> **DATA SHOWN**
★ ★ ★ ★
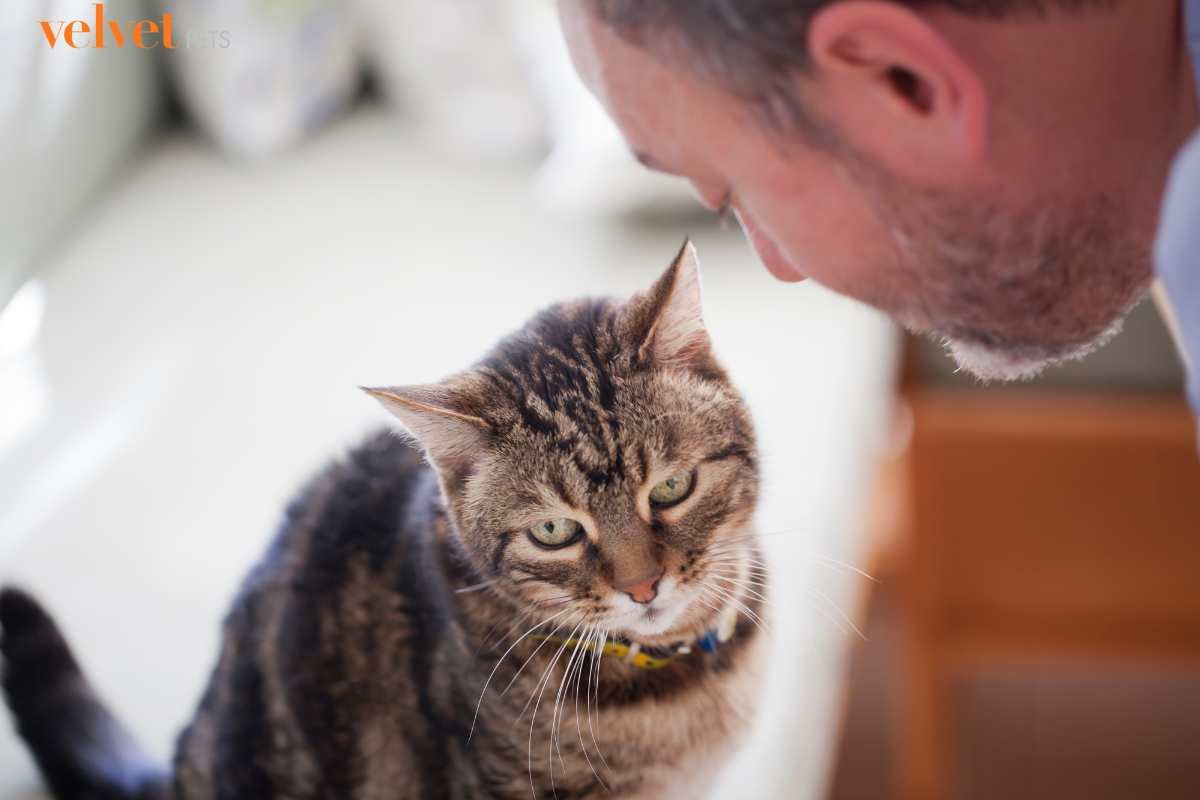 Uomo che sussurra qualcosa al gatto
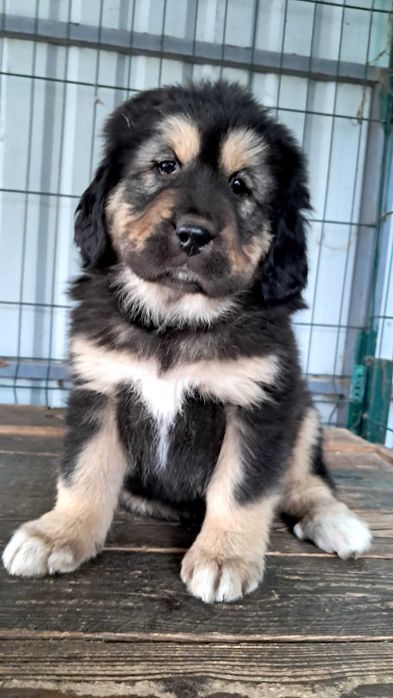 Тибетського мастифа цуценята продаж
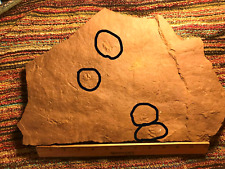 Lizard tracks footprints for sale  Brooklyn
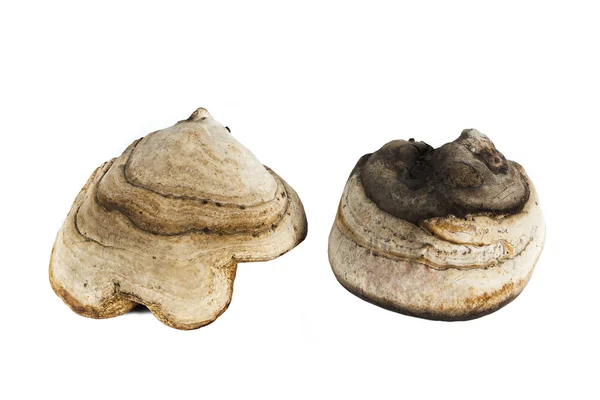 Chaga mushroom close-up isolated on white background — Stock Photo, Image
★ ★ ★ ★
For your answer, write out the data exactly and drop every picture.

 Uomo che sussurra qualcosa al gatto
 Тибетського мастифа цуценята продаж
 Lizard tracks footprints for sale  Brooklyn
 Chaga mushroom close-up isolated on white background — Stock Photo, Image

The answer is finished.